Misra S., Newsom H.E., Prasad M.S., Geissman J.W., Dube A., Sengupta D.
Institute of Meteoritics, Department of Earth and Planetary Sciences, 1 University of New Mexico, Albuquerque, NM 87131, United States; National Institute of Oceanography, Dona Paula, Goa-403004, India; Department of Earth and Planetary Sciences, MSC03 2040, 1 University of New Mexico, Albuquerque, NM 87131, United States; P 147/3, Janak Road, Kolkata-700 029, India; Department of Geology and Geophysics, Indian Institute of Technology, Kharagpur-721302, India; School of Geological Sciences, University of Kwazulu-Natal, Durban-4000, South Africa
Misra, S., Institute of Meteoritics, Department of Earth and Planetary Sciences, 1 University of New Mexico, Albuquerque, NM 87131, United States, Department of Geology and Geophysics, Indian Institute of Technology, Kharagpur-721302, India, School of Geological Sciences, University of Kwazulu-Natal, Durban-4000, South Africa; Newsom, H.E., Institute of Meteoritics, Department of Earth and Planetary Sciences, 1 University of New Mexico, Albuquerque, NM 87131, United States; Prasad, M.S., National Institute of Oceanography, Dona Paula, Goa-403004, India; Geissman, J.W., Department of Earth and Planetary Sciences, MSC03 2040, 1 University of New Mexico, Albuquerque, NM 87131, United States; Dube, A., P 147/3, Janak Road, Kolkata-700 029, India; Sengupta, D., Department of Geology and Geophysics, Indian Institute of Technology, Kharagpur-721302, India
The only well-known terrestrial analogue of impact craters in basaltic crusts of the rocky planets is the Lonar crater, India. For the first time, evidence of the impactor that formed the crater has been identified within the impact spherules, which are ∼0.3 to 1 mm in size and of different aerodynamic shapes including spheres, teardrops, cylinders, dumbbells and spindles. They were found in ejecta on the rim of the crater. The spherules have high magnetic susceptibility (from 0.31 to 0.02 Si-mass) and natural remanent magnetization (NRM) intensity.
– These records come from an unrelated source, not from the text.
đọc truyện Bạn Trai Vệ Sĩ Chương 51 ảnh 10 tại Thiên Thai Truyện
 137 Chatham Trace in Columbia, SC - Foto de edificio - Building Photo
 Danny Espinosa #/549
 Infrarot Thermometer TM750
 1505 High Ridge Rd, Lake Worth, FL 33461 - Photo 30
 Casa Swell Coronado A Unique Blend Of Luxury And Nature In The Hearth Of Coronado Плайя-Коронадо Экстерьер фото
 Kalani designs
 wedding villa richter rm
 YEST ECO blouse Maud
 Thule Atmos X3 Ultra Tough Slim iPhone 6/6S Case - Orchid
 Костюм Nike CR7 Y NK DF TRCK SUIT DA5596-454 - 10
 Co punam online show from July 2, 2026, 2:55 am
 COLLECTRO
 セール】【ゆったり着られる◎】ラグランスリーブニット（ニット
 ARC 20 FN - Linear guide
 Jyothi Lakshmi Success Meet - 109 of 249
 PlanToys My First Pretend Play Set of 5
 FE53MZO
Both NRM and saturation isothermal remanent magnetization (SIRM) intensity are ∼2 Am2/kg. Demagnetization response by the NRM suggests a complicated history of remanence acquisition. The spherules show schlieren structure described by chains of tiny dendritic and octahedral-shaped magnetite crystals indicating their quenching from liquid droplets. Microprobe analyses show that, relative to the target basalt compositions, the spherules have relatively high average Fe2O 3 (by ∼1.5 wt%), MgO (∼1 wt%), Mn (∼200 ppm), Cr (∼200 ppm), Co (∼50 ppm), Ni (∼1000 ppm) and Zn (∼70 ppm), and low Na2O (∼1 wt%) and P2O5 (∼0.2 wt%). Very high Ni contents, up to 14 times the average content of Lonar basalt, require the presence of a meteoritic component in these spherules. We interpret the high Ni, Cr, and Co abundances in these spherules to indicate that the impactor of the Lonar crater was a chondrite, which is present in abundances of 12 to 20 percent by weight in these impact spherules. Relatively high Zn yet low Na2O and P2O5 contents of these spherules indicate exchange of volatiles between the quenching spherule droplets and the impact plume.